'Small-time' by Russell Shorto fills in some blank areas about organized crime during the 1920's - 1970. He writes from the point of view of a Jonestown, Pennsylvania grandson, whom he is, of a grandfather and great-uncle who were mobsters. His father Tony was intentionally kept out of the business by Russell Shorto, the author's grandfather and one of the two so-called crime bosses, whom the author was named after. Although the author is a journalist, he had never asked about his father's life or his grandfather's or his great-uncle Joe, "Little Joe". He makes the realization he has been avoiding this discussion after his mother's cousin, Frankie Filia, challenges him to write a book about his grandfather during a family holiday get-together. It necessarily meant talking to all of his relatives, which he didn't want to do.
The author could not understand his reluctance which persisted even when he had committed to writing this book. He knew it had something to do with his relationship with his father, Tony. Anyway, he does the investigation first using official legal records, libraries, newspapers stories, etc. Then he tracks down witnesses and does interviews over several visits. Most of the individuals are elderly at this point. The women are generally more forthcoming, and some of the men tell their stories very cautiously. But only after he has accumulated stories from outside sources does he tackle his mom and dad, siblings and relatives. What he learns amazes him! Shorto had understood things were a certain way from overheard conversations or he had been told what had happened in an expurgated version as a child growing up, but he discovers his understanding was wrong in writing this book.
For me, a woman, the environment as described in this book that these guys operated in is one of hyper masculinity. Pool halls, bars, cigar stores, and private clubs were fronts for all kinds of gambling - horses, sports, card games, pinball, tip seals. Politicians - male, of course - were paid off by goods and cash.

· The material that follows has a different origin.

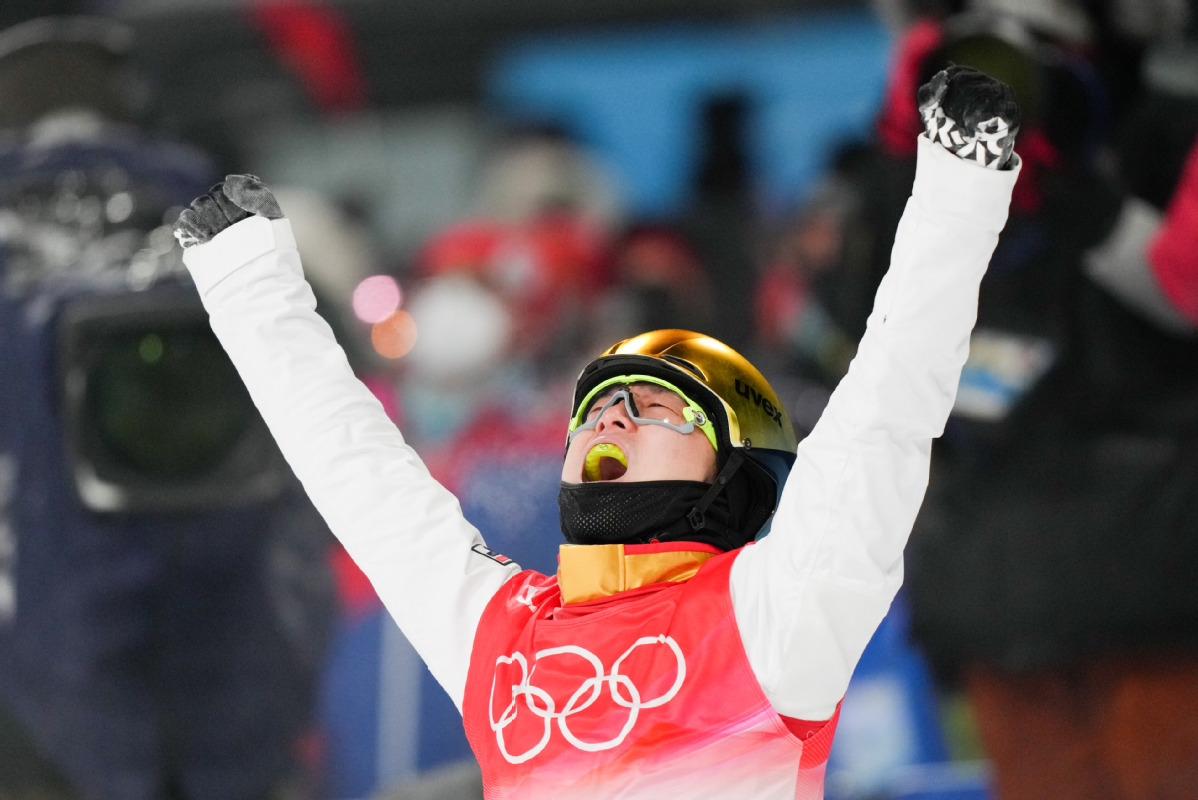 PG中国官网-挪威滑雪选手雄心勃勃，向冠军发起冲击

Before these criminals branched out into gambling, they made their start in selling illegal alcohol cooked up in backyard stills by their wives, originally. Their wives needed money, especially when these men enlisted to go to war. It was the era of Prohibition, too, and then the Great Depression.
The economic environment in the 1920's in small industrial towns like Jonestown centered on the needs of the men working in the mills and mines. Italians were considered the lowest on the social scale, just under Black people, and were paid appropriately. Most of the employees of the mills and mines were undereducated immigrants who came from extreme poverty in European countries.
Shorto's great-grandfather came from Sicily to work in the mines. The work was hard and life at home was harder, with entire families of six living in a single small apartment. Honestly, I can see how gambling and drinking attracted so many of these people! Children became runners for the mob, of course, not attending much school. The men who were in what eventually became the mob were respected and looked up to. They felt they were chiseling the rich upper-class chiselers of the Gilded Age, and they felt they gave the lower classes hope of winning a score. They didn't own the mills and mines like the rich chiselers, they owned the small neighborhood shops, and provided loans the shop owners needed when banks refused them. Of course, the shop owners ended up paying off loans by allowing the mob to put in pinball machines, and sponsor other gambling, sometimes. Or what Shorto's grandfather and great-uncle also did, becoming a part owner of the business, becoming a partner of sorts.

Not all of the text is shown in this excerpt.